◆ **TRY IT**
Restate the listing in full, keeping every word as it is.

PROVIDED ENTRIES START

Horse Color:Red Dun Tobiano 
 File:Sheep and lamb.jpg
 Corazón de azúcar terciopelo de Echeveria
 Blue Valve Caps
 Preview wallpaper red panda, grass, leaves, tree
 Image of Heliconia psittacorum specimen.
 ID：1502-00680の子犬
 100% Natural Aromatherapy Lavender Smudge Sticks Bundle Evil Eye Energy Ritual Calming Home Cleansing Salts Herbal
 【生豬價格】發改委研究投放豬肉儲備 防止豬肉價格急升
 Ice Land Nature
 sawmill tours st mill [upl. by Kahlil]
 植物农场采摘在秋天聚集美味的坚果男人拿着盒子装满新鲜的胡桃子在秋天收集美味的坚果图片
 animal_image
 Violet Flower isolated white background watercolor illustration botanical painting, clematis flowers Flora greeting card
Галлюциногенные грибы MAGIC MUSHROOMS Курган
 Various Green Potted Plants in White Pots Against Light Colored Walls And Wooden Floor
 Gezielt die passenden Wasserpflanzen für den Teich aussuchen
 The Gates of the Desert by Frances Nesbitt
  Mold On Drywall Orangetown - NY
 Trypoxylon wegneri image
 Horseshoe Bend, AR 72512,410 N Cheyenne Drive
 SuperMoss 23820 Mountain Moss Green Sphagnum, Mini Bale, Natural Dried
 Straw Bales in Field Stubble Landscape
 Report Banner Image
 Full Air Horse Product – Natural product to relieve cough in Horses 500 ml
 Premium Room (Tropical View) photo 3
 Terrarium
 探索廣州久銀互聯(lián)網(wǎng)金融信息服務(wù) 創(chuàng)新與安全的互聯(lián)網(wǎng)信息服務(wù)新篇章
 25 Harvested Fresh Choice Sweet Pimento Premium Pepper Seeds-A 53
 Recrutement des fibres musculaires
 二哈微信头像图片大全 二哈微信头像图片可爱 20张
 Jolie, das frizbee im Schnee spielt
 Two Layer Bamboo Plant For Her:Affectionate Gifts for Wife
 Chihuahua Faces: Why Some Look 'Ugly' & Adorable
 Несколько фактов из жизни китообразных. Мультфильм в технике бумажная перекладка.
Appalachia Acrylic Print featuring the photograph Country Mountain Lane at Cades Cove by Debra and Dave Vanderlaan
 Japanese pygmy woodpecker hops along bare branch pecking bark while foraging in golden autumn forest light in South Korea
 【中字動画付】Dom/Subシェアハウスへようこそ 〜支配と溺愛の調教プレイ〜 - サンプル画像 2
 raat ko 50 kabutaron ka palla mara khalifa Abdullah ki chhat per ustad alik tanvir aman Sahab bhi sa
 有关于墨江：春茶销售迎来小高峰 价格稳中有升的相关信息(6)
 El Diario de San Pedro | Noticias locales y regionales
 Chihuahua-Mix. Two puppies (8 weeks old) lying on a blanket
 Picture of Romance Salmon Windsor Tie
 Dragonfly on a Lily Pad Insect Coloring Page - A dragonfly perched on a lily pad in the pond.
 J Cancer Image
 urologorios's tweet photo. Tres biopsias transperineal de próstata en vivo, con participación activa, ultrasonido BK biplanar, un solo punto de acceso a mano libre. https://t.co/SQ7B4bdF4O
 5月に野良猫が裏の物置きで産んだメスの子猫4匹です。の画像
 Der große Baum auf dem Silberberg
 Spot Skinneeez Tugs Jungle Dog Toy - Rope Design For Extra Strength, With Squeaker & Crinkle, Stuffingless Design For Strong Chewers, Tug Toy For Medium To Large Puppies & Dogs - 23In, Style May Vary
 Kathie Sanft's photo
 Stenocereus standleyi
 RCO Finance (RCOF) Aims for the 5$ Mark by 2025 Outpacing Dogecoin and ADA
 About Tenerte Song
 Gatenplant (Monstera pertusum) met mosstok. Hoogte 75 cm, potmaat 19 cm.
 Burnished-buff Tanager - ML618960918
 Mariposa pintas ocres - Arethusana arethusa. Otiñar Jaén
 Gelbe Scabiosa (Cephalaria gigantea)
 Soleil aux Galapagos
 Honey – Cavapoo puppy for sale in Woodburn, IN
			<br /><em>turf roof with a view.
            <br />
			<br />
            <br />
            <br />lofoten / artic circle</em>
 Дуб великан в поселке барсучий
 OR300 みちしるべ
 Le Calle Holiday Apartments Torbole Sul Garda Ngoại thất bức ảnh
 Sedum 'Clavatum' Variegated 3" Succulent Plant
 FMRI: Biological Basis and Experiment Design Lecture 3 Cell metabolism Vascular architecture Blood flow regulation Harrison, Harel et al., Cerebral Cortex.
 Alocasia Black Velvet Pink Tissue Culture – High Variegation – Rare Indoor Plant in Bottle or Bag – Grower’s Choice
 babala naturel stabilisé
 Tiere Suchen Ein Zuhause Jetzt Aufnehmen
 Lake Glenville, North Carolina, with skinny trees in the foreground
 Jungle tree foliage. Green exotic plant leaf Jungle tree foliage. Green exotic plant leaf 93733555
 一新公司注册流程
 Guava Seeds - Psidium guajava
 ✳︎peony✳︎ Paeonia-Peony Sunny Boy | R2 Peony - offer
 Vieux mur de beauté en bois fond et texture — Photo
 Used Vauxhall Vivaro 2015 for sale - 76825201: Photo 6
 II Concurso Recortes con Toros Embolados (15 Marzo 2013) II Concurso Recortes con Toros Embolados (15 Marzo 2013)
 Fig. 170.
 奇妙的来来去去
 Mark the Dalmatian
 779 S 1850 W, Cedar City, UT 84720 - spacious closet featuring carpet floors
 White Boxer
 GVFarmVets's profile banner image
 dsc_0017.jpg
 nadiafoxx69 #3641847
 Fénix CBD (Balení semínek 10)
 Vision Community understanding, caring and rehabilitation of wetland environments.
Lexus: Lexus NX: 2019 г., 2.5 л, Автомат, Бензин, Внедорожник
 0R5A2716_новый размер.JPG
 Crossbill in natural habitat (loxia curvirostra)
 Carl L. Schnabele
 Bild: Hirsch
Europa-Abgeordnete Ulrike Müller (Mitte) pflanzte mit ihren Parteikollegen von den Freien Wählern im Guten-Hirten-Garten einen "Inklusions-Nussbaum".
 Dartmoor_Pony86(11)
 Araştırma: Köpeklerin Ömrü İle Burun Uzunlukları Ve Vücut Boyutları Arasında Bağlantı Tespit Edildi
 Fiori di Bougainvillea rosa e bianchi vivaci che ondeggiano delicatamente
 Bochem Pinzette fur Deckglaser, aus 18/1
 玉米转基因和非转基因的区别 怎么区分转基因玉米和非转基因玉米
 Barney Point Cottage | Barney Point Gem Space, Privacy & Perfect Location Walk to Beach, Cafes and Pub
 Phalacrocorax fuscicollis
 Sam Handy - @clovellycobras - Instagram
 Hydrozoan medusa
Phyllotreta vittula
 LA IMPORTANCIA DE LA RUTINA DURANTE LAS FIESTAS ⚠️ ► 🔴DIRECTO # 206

PROVIDED ENTRIES END

◆ **WORKED SOLUTION**
Horse Color:Red Dun Tobiano 
 File:Sheep and lamb.jpg
 Corazón de azúcar terciopelo de Echeveria
 Blue Valve Caps
 Preview wallpaper red panda, grass, leaves, tree
 Image of Heliconia psittacorum specimen.
 ID：1502-00680の子犬
 100% Natural Aromatherapy Lavender Smudge Sticks Bundle Evil Eye Energy Ritual Calming Home Cleansing Salts Herbal
 【生豬價格】發改委研究投放豬肉儲備 防止豬肉價格急升
 Ice Land Nature
 sawmill tours st mill [upl. by Kahlil]
 植物农场采摘在秋天聚集美味的坚果男人拿着盒子装满新鲜的胡桃子在秋天收集美味的坚果图片
 animal_image
 Violet Flower isolated white background watercolor illustration botanical painting, clematis flowers Flora greeting card
Галлюциногенные грибы MAGIC MUSHROOMS Курган
 Various Green Potted Plants in White Pots Against Light Colored Walls And Wooden Floor
 Gezielt die passenden Wasserpflanzen für den Teich aussuchen
 The Gates of the Desert by Frances Nesbitt
  Mold On Drywall Orangetown - NY
 Trypoxylon wegneri image
 Horseshoe Bend, AR 72512,410 N Cheyenne Drive
 SuperMoss 23820 Mountain Moss Green Sphagnum, Mini Bale, Natural Dried
 Straw Bales in Field Stubble Landscape
 Report Banner Image
 Full Air Horse Product – Natural product to relieve cough in Horses 500 ml
 Premium Room (Tropical View) photo 3
 Terrarium
 探索廣州久銀互聯(lián)網(wǎng)金融信息服務(wù) 創(chuàng)新與安全的互聯(lián)網(wǎng)信息服務(wù)新篇章
 25 Harvested Fresh Choice Sweet Pimento Premium Pepper Seeds-A 53
 Recrutement des fibres musculaires
 二哈微信头像图片大全 二哈微信头像图片可爱 20张
 Jolie, das frizbee im Schnee spielt
 Two Layer Bamboo Plant For Her:Affectionate Gifts for Wife
 Chihuahua Faces: Why Some Look 'Ugly' & Adorable
 Несколько фактов из жизни китообразных. Мультфильм в технике бумажная перекладка.
Appalachia Acrylic Print featuring the photograph Country Mountain Lane at Cades Cove by Debra and Dave Vanderlaan
 Japanese pygmy woodpecker hops along bare branch pecking bark while foraging in golden autumn forest light in South Korea
 【中字動画付】Dom/Subシェアハウスへようこそ 〜支配と溺愛の調教プレイ〜 - サンプル画像 2
 raat ko 50 kabutaron ka palla mara khalifa Abdullah ki chhat per ustad alik tanvir aman Sahab bhi sa
 有关于墨江：春茶销售迎来小高峰 价格稳中有升的相关信息(6)
 El Diario de San Pedro | Noticias locales y regionales
 Chihuahua-Mix. Two puppies (8 weeks old) lying on a blanket
 Picture of Romance Salmon Windsor Tie
 Dragonfly on a Lily Pad Insect Coloring Page - A dragonfly perched on a lily pad in the pond.
 J Cancer Image
 urologorios's tweet photo. Tres biopsias transperineal de próstata en vivo, con participación activa, ultrasonido BK biplanar, un solo punto de acceso a mano libre. https://t.co/SQ7B4bdF4O
 5月に野良猫が裏の物置きで産んだメスの子猫4匹です。の画像
 Der große Baum auf dem Silberberg
 Spot Skinneeez Tugs Jungle Dog Toy - Rope Design For Extra Strength, With Squeaker & Crinkle, Stuffingless Design For Strong Chewers, Tug Toy For Medium To Large Puppies & Dogs - 23In, Style May Vary
 Kathie Sanft's photo
 Stenocereus standleyi
 RCO Finance (RCOF) Aims for the 5$ Mark by 2025 Outpacing Dogecoin and ADA
 About Tenerte Song
 Gatenplant (Monstera pertusum) met mosstok. Hoogte 75 cm, potmaat 19 cm.
 Burnished-buff Tanager - ML618960918
 Mariposa pintas ocres - Arethusana arethusa. Otiñar Jaén
 Gelbe Scabiosa (Cephalaria gigantea)
 Soleil aux Galapagos
 Honey – Cavapoo puppy for sale in Woodburn, IN
			<br /><em>turf roof with a view.
            <br />
			<br />
            <br />
            <br />lofoten / artic circle</em>
 Дуб великан в поселке барсучий
 OR300 みちしるべ
 Le Calle Holiday Apartments Torbole Sul Garda Ngoại thất bức ảnh
 Sedum 'Clavatum' Variegated 3" Succulent Plant
 FMRI: Biological Basis and Experiment Design Lecture 3 Cell metabolism Vascular architecture Blood flow regulation Harrison, Harel et al., Cerebral Cortex.
 Alocasia Black Velvet Pink Tissue Culture – High Variegation – Rare Indoor Plant in Bottle or Bag – Grower’s Choice
 babala naturel stabilisé
 Tiere Suchen Ein Zuhause Jetzt Aufnehmen
 Lake Glenville, North Carolina, with skinny trees in the foreground
 Jungle tree foliage. Green exotic plant leaf Jungle tree foliage. Green exotic plant leaf 93733555
 一新公司注册流程
 Guava Seeds - Psidium guajava
 ✳︎peony✳︎ Paeonia-Peony Sunny Boy | R2 Peony - offer
 Vieux mur de beauté en bois fond et texture — Photo
 Used Vauxhall Vivaro 2015 for sale - 76825201: Photo 6
 II Concurso Recortes con Toros Embolados (15 Marzo 2013) II Concurso Recortes con Toros Embolados (15 Marzo 2013)
 Fig. 170.
 奇妙的来来去去
 Mark the Dalmatian
 779 S 1850 W, Cedar City, UT 84720 - spacious closet featuring carpet floors
 White Boxer
 GVFarmVets's profile banner image
 dsc_0017.jpg
 nadiafoxx69 #3641847
 Fénix CBD (Balení semínek 10)
 Vision Community understanding, caring and rehabilitation of wetland environments.
Lexus: Lexus NX: 2019 г., 2.5 л, Автомат, Бензин, Внедорожник
 0R5A2716_новый размер.JPG
 Crossbill in natural habitat (loxia curvirostra)
 Carl L. Schnabele
 Bild: Hirsch
Europa-Abgeordnete Ulrike Müller (Mitte) pflanzte mit ihren Parteikollegen von den Freien Wählern im Guten-Hirten-Garten einen "Inklusions-Nussbaum".
 Dartmoor_Pony86(11)
 Araştırma: Köpeklerin Ömrü İle Burun Uzunlukları Ve Vücut Boyutları Arasında Bağlantı Tespit Edildi
 Fiori di Bougainvillea rosa e bianchi vivaci che ondeggiano delicatamente
 Bochem Pinzette fur Deckglaser, aus 18/1
 玉米转基因和非转基因的区别 怎么区分转基因玉米和非转基因玉米
 Barney Point Cottage | Barney Point Gem Space, Privacy & Perfect Location Walk to Beach, Cafes and Pub
 Phalacrocorax fuscicollis
 Sam Handy - @clovellycobras - Instagram
 Hydrozoan medusa
Phyllotreta vittula
 LA IMPORTANCIA DE LA RUTINA DURANTE LAS FIESTAS ⚠️ ► 🔴DIRECTO # 206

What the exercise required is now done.